- Task to complete
Copy out, exactly, the first line of the entries below and every line after it through the one containing "Spacious, cul-de-sac La".

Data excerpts
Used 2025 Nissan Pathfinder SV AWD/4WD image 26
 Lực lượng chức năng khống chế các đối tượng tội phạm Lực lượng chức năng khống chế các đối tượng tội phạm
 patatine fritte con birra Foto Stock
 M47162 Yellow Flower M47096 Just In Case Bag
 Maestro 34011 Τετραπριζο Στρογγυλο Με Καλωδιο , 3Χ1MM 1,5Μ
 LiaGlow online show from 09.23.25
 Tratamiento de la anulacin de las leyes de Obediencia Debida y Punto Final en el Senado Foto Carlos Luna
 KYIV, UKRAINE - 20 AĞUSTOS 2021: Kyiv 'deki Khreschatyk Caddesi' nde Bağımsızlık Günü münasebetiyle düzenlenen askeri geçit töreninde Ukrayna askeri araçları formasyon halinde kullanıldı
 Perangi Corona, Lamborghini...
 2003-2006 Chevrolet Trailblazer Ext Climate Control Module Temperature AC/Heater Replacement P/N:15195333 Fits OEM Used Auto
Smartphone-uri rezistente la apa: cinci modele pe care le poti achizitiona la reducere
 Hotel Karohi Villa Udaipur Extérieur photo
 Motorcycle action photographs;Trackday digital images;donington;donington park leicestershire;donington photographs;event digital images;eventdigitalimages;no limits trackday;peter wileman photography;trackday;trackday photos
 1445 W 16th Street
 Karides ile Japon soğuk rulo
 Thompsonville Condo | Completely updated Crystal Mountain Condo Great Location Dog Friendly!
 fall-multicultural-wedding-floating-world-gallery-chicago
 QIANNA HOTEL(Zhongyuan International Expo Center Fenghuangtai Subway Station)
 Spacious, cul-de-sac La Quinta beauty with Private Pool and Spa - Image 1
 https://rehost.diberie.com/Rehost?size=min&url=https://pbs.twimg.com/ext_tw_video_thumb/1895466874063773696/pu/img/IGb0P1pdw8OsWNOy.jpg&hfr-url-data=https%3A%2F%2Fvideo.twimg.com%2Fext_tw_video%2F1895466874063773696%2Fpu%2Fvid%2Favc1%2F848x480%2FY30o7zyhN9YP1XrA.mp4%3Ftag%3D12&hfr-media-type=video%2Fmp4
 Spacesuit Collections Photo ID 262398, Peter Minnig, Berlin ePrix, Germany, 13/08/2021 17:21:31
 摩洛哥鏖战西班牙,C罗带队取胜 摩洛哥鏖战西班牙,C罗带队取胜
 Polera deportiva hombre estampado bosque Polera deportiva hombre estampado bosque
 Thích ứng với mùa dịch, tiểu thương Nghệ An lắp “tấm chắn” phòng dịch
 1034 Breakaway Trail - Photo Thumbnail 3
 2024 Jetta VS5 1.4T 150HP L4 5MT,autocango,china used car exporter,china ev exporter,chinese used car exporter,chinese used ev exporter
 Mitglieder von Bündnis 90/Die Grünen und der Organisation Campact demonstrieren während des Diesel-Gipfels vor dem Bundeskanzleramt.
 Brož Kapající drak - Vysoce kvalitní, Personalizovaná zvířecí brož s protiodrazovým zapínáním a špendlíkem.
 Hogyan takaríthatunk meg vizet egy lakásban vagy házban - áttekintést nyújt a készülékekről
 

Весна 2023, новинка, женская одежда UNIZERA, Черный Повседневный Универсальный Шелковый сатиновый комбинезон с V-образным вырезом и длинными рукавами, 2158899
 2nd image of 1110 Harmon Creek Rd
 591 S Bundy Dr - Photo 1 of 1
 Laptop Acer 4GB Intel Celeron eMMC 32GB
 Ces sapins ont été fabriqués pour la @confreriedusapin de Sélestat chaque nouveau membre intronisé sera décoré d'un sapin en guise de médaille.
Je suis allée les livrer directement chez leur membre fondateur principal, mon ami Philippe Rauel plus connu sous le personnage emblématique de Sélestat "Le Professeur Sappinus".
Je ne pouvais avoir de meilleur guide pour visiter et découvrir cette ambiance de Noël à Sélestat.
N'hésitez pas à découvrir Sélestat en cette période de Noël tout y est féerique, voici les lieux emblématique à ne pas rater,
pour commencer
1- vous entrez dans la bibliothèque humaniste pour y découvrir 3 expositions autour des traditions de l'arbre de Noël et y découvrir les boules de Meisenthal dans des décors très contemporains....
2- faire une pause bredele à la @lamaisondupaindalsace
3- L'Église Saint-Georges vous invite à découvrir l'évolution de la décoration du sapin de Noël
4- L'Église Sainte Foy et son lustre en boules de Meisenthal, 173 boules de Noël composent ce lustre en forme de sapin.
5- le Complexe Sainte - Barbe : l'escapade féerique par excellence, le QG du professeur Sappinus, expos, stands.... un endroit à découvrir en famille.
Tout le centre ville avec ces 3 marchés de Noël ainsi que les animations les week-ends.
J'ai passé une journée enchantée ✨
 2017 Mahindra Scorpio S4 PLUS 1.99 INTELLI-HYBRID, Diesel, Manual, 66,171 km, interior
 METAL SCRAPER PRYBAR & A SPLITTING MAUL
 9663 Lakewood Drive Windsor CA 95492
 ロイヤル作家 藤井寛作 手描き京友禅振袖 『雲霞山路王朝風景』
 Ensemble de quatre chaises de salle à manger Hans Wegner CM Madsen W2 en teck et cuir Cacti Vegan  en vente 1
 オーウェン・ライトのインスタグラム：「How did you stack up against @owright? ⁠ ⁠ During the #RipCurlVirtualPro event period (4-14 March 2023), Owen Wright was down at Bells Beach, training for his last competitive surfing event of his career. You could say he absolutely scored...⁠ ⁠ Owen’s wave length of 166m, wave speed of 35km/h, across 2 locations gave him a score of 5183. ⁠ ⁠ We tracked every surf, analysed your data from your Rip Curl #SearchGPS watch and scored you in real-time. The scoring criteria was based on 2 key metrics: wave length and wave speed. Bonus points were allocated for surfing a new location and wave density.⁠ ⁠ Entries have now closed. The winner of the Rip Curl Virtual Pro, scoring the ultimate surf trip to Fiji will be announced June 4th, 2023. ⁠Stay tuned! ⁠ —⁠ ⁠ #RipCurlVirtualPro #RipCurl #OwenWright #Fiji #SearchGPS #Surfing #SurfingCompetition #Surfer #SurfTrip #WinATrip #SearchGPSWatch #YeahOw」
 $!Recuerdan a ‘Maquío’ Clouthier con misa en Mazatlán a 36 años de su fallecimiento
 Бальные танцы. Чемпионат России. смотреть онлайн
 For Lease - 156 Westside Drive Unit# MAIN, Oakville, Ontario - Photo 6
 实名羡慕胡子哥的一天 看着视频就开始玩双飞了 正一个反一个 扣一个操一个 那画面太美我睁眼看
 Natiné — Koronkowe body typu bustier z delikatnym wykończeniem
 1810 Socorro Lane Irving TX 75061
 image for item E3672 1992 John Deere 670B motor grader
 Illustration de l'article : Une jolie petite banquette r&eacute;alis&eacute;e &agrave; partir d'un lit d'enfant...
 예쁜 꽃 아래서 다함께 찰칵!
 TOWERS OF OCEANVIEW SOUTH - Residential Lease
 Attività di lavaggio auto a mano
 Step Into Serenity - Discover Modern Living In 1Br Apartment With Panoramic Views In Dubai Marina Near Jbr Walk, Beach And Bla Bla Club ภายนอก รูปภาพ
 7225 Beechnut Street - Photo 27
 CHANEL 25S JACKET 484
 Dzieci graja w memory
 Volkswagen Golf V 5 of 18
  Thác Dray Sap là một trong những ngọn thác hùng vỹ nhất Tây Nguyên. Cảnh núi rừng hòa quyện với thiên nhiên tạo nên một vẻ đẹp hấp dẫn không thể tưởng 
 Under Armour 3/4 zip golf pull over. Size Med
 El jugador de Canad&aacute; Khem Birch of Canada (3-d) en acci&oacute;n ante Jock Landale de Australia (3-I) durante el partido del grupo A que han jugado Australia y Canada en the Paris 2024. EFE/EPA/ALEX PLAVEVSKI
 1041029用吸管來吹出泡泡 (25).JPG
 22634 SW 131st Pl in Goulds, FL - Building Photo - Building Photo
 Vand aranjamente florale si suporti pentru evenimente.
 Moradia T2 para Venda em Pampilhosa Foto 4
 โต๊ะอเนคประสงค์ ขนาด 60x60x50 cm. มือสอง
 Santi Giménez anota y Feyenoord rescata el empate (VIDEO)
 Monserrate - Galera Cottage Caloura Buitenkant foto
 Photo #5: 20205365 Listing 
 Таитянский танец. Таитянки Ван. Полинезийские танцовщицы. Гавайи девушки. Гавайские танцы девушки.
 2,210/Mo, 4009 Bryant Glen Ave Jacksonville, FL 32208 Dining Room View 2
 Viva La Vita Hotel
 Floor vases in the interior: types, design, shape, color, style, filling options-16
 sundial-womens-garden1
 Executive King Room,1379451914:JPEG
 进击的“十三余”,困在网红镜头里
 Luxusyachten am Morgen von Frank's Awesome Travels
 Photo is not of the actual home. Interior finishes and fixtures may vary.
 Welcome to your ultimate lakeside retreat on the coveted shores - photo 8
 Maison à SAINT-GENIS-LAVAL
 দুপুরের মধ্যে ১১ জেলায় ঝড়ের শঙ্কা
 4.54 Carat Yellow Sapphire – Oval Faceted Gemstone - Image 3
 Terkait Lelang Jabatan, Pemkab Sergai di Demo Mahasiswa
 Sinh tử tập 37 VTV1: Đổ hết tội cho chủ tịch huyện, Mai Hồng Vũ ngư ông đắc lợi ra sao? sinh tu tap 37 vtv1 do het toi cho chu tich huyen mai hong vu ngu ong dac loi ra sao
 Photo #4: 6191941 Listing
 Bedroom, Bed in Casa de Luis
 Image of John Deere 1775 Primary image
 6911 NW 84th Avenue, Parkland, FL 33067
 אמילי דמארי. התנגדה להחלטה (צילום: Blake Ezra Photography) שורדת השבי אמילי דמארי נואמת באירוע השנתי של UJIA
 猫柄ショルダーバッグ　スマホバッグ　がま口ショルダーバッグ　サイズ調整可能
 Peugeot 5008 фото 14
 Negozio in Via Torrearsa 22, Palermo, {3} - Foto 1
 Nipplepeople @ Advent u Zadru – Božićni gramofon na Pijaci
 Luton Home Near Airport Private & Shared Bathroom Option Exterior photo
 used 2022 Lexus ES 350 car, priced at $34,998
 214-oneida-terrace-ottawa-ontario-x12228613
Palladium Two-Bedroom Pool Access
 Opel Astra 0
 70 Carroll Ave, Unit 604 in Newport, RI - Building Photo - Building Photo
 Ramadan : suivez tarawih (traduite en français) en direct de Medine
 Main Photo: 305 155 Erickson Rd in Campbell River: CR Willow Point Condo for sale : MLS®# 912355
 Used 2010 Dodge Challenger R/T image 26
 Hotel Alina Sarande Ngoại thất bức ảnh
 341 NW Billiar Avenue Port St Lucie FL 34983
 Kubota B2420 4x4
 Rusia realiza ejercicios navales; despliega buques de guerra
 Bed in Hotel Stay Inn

- Answer for this exercise
Used 2025 Nissan Pathfinder SV AWD/4WD image 26
 Lực lượng chức năng khống chế các đối tượng tội phạm Lực lượng chức năng khống chế các đối tượng tội phạm
 patatine fritte con birra Foto Stock
 M47162 Yellow Flower M47096 Just In Case Bag
 Maestro 34011 Τετραπριζο Στρογγυλο Με Καλωδιο , 3Χ1MM 1,5Μ
 LiaGlow online show from 09.23.25
 Tratamiento de la anulacin de las leyes de Obediencia Debida y Punto Final en el Senado Foto Carlos Luna
 KYIV, UKRAINE - 20 AĞUSTOS 2021: Kyiv 'deki Khreschatyk Caddesi' nde Bağımsızlık Günü münasebetiyle düzenlenen askeri geçit töreninde Ukrayna askeri araçları formasyon halinde kullanıldı
 Perangi Corona, Lamborghini...
 2003-2006 Chevrolet Trailblazer Ext Climate Control Module Temperature AC/Heater Replacement P/N:15195333 Fits OEM Used Auto
Smartphone-uri rezistente la apa: cinci modele pe care le poti achizitiona la reducere
 Hotel Karohi Villa Udaipur Extérieur photo
 Motorcycle action photographs;Trackday digital images;donington;donington park leicestershire;donington photographs;event digital images;eventdigitalimages;no limits trackday;peter wileman photography;trackday;trackday photos
 1445 W 16th Street
 Karides ile Japon soğuk rulo
 Thompsonville Condo | Completely updated Crystal Mountain Condo Great Location Dog Friendly!
 fall-multicultural-wedding-floating-world-gallery-chicago
 QIANNA HOTEL(Zhongyuan International Expo Center Fenghuangtai Subway Station)
 Spacious, cul-de-sac La Quinta beauty with Private Pool and Spa - Image 1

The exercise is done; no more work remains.